I don’t have cable. Instead, I watch a lot of Netflix and YouTube — especially the latter.
Not only is YouTube a fantastic place to watch live music performances, it’s got just about every other kind of content you can think of, from vlogs to recipes to video essays and beyond. Here are a few channels I (Chris) personally subscribe to and make sure to watch every video from.
For as long as I can remember, I’ve fantasized about visiting (and possibly moving to) Japan. One day my dream may come true, but until then, I have to live vicariously through a number of “J-vloggers”. My favorite at the moment is Texan in Tokyo, run by a married couple named Grace (from Texas) and Ryosuke (from Japan).
What I love about their channel is that they take you on various adventures throughout Japan, exploring places like shrines, temple pilgrimages hot springs, restaurants, and Tokyo itself. They also discuss cultural differences between the US and Japan and more.
By now, you’ve probably at least heard of Casey Neistat’s daily vlogs, but if you’ve not gotten around to watching them yet, do it. They’re surprisingly well-produced, and he often has good things to say on a number of topics. A couple of my favorites are “Fat and Lazy” (which always makes me feel like I’m not being nearly proactive enough in life) and “Asleep at the Wheel” (where he discusses the importance of editing in storytelling).
- Honestly, I don’t personally know of any other channels doing daily vlogs of this caliber. I’m sure they exist (especially given Casey’s success) but I don’t really care to watch a bunch of imitators in this field anyway.

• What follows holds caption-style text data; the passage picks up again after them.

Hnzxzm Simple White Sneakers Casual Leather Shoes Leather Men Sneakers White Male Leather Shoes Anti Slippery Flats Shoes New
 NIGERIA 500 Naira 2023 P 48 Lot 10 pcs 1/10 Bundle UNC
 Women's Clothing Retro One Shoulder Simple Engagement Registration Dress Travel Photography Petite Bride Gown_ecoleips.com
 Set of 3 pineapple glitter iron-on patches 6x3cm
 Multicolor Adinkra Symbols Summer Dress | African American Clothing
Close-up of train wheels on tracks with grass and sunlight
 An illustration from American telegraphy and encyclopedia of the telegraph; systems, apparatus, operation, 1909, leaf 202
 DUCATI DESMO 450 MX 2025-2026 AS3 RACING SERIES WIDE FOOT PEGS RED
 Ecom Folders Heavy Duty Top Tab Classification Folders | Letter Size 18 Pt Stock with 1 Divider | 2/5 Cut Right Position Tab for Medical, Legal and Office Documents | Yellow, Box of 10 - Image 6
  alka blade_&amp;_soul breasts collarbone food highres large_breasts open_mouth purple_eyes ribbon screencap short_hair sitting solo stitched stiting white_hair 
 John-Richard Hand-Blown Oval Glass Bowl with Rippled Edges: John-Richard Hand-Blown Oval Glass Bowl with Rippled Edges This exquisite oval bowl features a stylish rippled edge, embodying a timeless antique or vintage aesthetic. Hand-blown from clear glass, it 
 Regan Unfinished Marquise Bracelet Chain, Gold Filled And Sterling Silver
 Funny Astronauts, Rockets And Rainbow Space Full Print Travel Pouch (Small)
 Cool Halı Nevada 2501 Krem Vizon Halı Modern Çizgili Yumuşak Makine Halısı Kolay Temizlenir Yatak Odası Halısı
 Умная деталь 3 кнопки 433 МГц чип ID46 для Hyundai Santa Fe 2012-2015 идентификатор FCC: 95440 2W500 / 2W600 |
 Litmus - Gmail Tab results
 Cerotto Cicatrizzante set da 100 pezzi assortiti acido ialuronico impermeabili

Whether you love them or are sick of them, video essays on filmmaking technique are all the rage these days. The foremost example in the field is Tony Zhou’s Every Frame a Painting series, wherein he analyzes various kinds of storytelling throughout film history.
As a cinematographer himself, he’s fascinated by what works in film and what doesn’t. He always offers stellar insights into filmmakers’ decisions, like why you don’t remember any music from Marvel’s films (embedded above), how to do action comedy, using motion to convey meaning, ensemble staging, and much more. Each video is a treat.
I’ve been following “Chef John” Mitzewich’s Food Wishes blog and YouTube channel for years. His style of teaching you how to cook is just delightful, even if — no, especially because — he’s always making terrible rhyme jokes.
Some of my favorite recipes of his are breakfast sausage patties, classic hash browns, apple cider-glazed pork chops (these are always a hit in our home), and the greatest of them all, the honey sriracha chicken wings. Suddenly I’m feeling hungry.
- Fifteen Spatulas
- Serious Eats / J. Kenji López-Alt
- BBQ Pit Boys (I probably wouldn’t get along with these guys in real life, but man I’d eat their food all day)
To this day I’ve never found out the real name of the guy who runs the Primitive Technology channel — does anybody know it? — but boy they are fascinating (and relaxing) to watch. In each video he constructs huts, tools, and more in the wilderness, using only natural materials he finds in the area.
Sometimes his projects are months in the making, such as his first video, where he built a wattle and daub hut from scratch and with a fireplace. He’s also made a primitive bow and arrow from scratch. Take some time and watch all his videos.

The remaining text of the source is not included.